I also believe you need to link from the other direction as well, although I'm not sure. At the very least, if you link from the other direction, from AdWords to Google Analytics, you get better data within Google AdWords.

Once you've got data coming into Google Analytics from Google AdWords, the next thing to do within this report is to scroll over to the Clicks tab and explore and click on that.

This isn't available normally. Normally you just have these ones, or sometimes just one or two, but this is added on for anything that's connected to Google Ads.

The effect of this Clicks tab or whatever you want to call it, is that a couple of new columns up here, or a bunch of new columns, here we get clicks as you'd expect, and that's the number of clicks total for each of these keywords here.

That's why it's called a keywords report. So law uk notes, gets 722 clicks or 13% of the total.
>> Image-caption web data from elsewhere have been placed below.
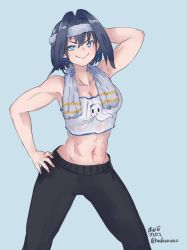 Rule 34 | 1girl, bachunawa, blue background, blue hair, boros (ouro kronii), bow, bow earrings, collar, crop top, earrings, hair intakes, headband, hololive, hololive english, jewelry, ouro kronii, pants, shirt, short hair, smug, sweatpants, towel, towel around neck, virtual youtuber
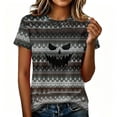 thumbnail image 4 of DORKASM Halloween Women's Shirts Short Sleeve Spooky Fashion Tshirt Round Neck Pumpkin Skeleton Vacation T Shirt Funny Print 2026 Causal Pullover Multicolor XL, 4 of 7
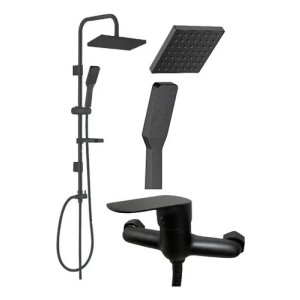 Mezcladora De Baño Monocomando Ducha Negro Mate Con Accesorios Rimontti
That's a really important keyword for me, then lpc notes gets 10%, law oxford notes, 8%, and so on and so forth.

Then we get Cost. How much money was I spending in Google AdWords? Exactly how much in total to get all those clicks?

And then we get the click through rate CTR. It's the percentage of ad impressions that resulted in clicks.

This happens within the Google platform, and there's a big difference between these different keywords. Law oxford performed very well with 9.21%, whereas law uk revision got 0.7%.

The next column we get here is the cost per click CPC.

How much do I pay for that particular click on Google AdWords? That information isn't that good on its own. Where it gets really interesting is these last two. This is RPC - Revenue Per Click.

This is available thanks to the ecommerce plugin or the ecommerce data within Google Analytics.

And what this essentially does is figure out how much revenue I'm earning on each of those clicks.

So for law uk notes, I'm earning 61 cents per click. For lpc notes, I'm earning 92 cents per click, for law oxford notes, I'm earning 2 euros per click, and for the next one, law notes, I’m only earning 14 cents per click.

And this is useful information on its own because as long as RPC is over CPC then, as a rule of thumb, it's profitable.

But this is calculated for you in a very nice way here with ROAS, which is Return On Advertising Spend.

So what this essentially says, it's a percentage, so 163% here means that I'm making 1.6 times what I spend in advertising in revenue.

So I'm spending 38 cents, and I'm making 61 cents in revenue. And here I'm making nearly 200%, here I’m making nearly 500% and so forth.

Some of these are negative, which means I probably shouldn't be advertising on them, at least taken on face value. If you consider customer lifetime value, maybe some of these are in fact profitable.

There are many many ways to take action on this particular data.

For example, if we look at this row here,law oxford notes, I'm getting... how many clicks? 468 in this time period, and it has a really healthy return on advertising spend (ROAS).

So it may be possible if I were to check in Google AdWords, that I could get maybe twice as many clicks, if I were to increase my advertising budget there, and I should look into that because this is a really profitable keyword for me.

Another way to take action on this sort of data might be to do a filter. I'm going to filter for ones where my ROAS is zero, where I'm not making any money whatsoever.

Let's have Equals to 0.

And then also where I'm getting, you know, a certain minimum number of clicks. I don't want something where there's only one click. That doesn't really tell you much, because of the law of large numbers and all that kind of thing.

So, I'm going to go to Clicks and I'm going to say Greater than, let’s say, 30 in this time period. Let’s apply that and see what happens.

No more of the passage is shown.